日々の生活の中で、自分の気持ちを上手く伝えられないと思うことがある。たとえば感情とはうらはらな態度をとってしまったり、思ったことをストレートに口に出せなかったりすることもあるだろうが、自分の気持ちとぴったりはまる“ことば”が見つからないときもあるだろう。


同じ言語を話す人同士でそうなのだから、海外の言語ならなおさらだ。4月に発売された『翻訳できない世界のことば』はその名のとおり、他の国のことばではそのニュアンスをうまく表現できないことばを集めた本だ。アメリカで出版され、フランス・ドイツ・韓国など7カ国で翻訳が予定されており、各国のレビューサイトで評判を呼んでいる。

「積ん読」と表現するのは日本だけ?「翻訳できない世界のことば」を集めた本
『翻訳できない世界のことば』エラ・フランシス・サンダース (著) /創元社


ノルウェー語・アラビア語・イヌイット語・ウルドゥー語など52のことばが美しいイラストとともに紹介されていて、その中に日本語も紹介されているのでいくつか挙げてみる。
TSUNDOKU(積ん読)…買ってきた本をほかのまだ読んでいない本といっしょに、読まずに積んでおくこと。
KOMOREBI(木漏れ日)…木々の葉のすきまから射す日の光。


「積ん読」と表現するのは日本だけ?「翻訳できない世界のことば」を集めた本
「木漏れ日」は日本独特のことば。その他に「侘び寂び」「ボケっと」が紹介されている。


確かに積ん読を分かりやすく説明しようと思うと長くなってしまう。また、木々の葉のすきまから射す日の光に名前をつけるのは日本人らしい感性かもしれない。

世界中で2500万人以上が閲覧したネット記事


「この本のそもそもの始まりは、当時19歳だった著者がMaptiaというネットサイトに投稿した「11 Untranslatable Words From Other Cultures(翻訳できない世界の11のことば)」というイラスト入りの短い記事でした」と、創元社の担当編集者・内貴さんに教えていただいた。

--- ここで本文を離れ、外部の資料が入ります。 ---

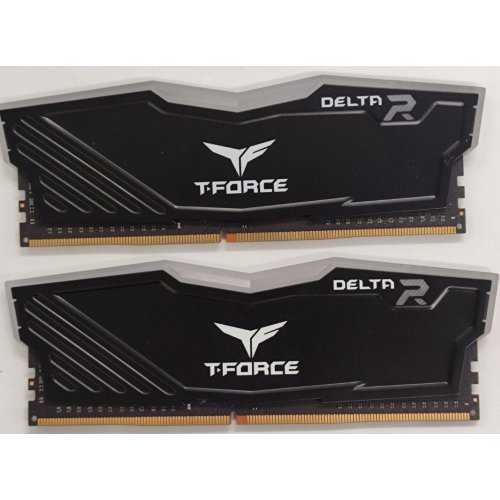 Озп Team DDR4 16GB (2x8GB) 3200Mhz T-Force Delta RGB (TF3D48G3200HC16CBK) (Відновлено продавцем, 831377) купити в Україні: Київ, Львів, Хмельницький, Тернопіль, Івано-Франківськ | Перевірка сумісності, низька ціна, відгуки, характеристики від TELEMART фото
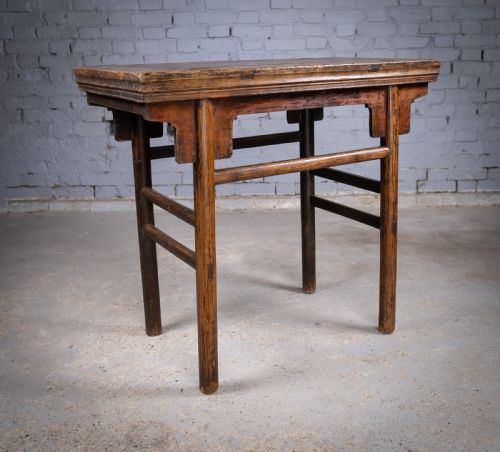 19TH CENTURY CHINESE ELM ALTAR TABLE - ADDITIONAL PHOTO 1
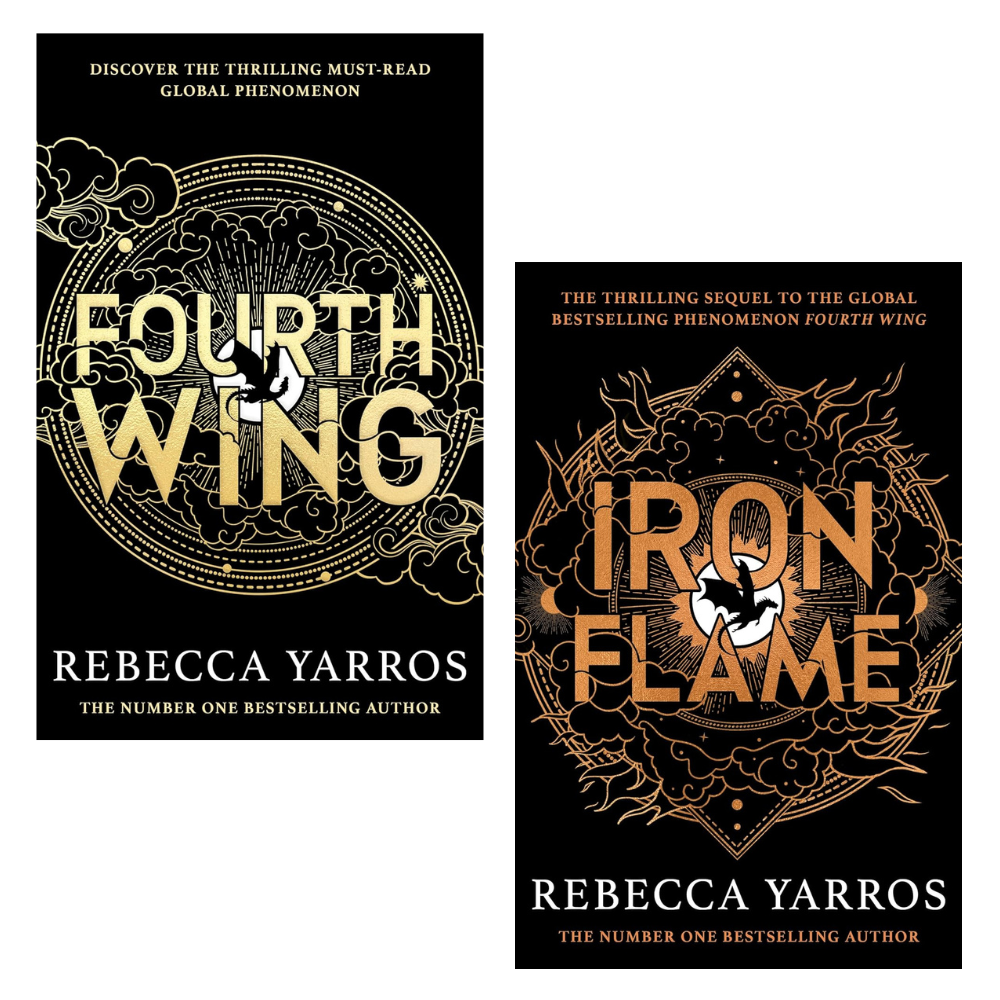 The Empyrean 2 Book Set by Rebecca Yarros: Fourth Wing & Iron Flame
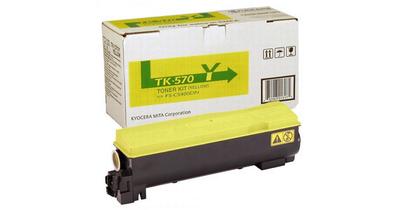 Kyocera TK-570Y (1T02HGAEU0) Yellow Original Toner - FS-C5400DN / P7035CDN - KYOCERA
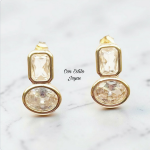 Aros color cristal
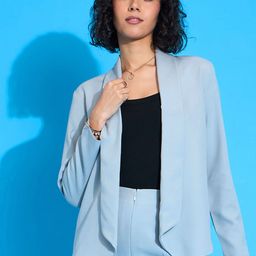 SASSAFRAS worklyf Shawl Collar Front Open Formal Blazer-58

このネット記事があっという間に拡散され、世界中で2500万人以上の閲覧を記録し、アメリカの編集者が書籍化を持ち掛け、原書『LOST IN TRANSLATION』が生まれたそうだ。内貴さんも投稿記事を目にしていて、原書を見つけたときには即座に日本での出版を決意したという。

イラストはもちろん、翻訳されたシンプルで美しいことばにも注目していただきたい。
ページをめくるたびに、素敵なことばが世界にはあるのだなあと感心させられる。また、「イラストの中にある日本語の手描き文字は、訳者の前田まゆみさんの手によるもの。イラストの雰囲気を壊さないように、かつ可読性も十分考慮して、何度も手直ししながら描きあげてくださいました」と教えていただいた。前田さんの丁寧な仕事ぶりのおかげで、日本語訳の本書が素敵に仕上がっている。

「積ん読」と表現するのは日本だけ?「翻訳できない世界のことば」を集めた本
カリブ・スペイン語には、シャツの裾をズボンの中に入れようとしない男に名前がついている


日本語以外で特に気になったのはPORONKUSEMA(ポロンクセマ)というフィンランド語だ。これは「トナカイが休憩なしで、疲れず移動できる距離」のことをいう。
トナカイの歩く距離がひとつのことばになるなんて!

内貴さんの好きなことばはUBUNTU(ウブントゥ)というズールー語だ。ズールー語は南アフリカ共和国のズールー族を中心に使われている。本来は、「あなたの中に私は私の価値を見出し、私の中にあなたはあなたの価値を見出す」という意味で、「人のやさしさ」を表している。好きな理由は「優しさの表現方法として非常にユニークで秀逸」と教えていただいた。

「積ん読」と表現するのは日本だけ?「翻訳できない世界のことば」を集めた本
「人のやさしさ」を表すズールー語「UBUNTU(ウブントゥ)」。日本語ではどのことばが近いか考えてみるのもおもしろい


ことばにはその土地の人々の生活が根付いているんだとあらためて気付かされる。

「日常生活のいろいろな場面で、この本に出てくることばを当てはめてみると、新鮮な驚きがあって楽しいと思います。
新しい目で世界を眺めるという素晴らしい体験ができると思います!」と内貴さんがいうように、「このことばを使う人たちの生活はこんな風かな?」と想像していると楽しくなってくる。みなさんもまだ知らない世界のことばに触れてみてはいかがだろう。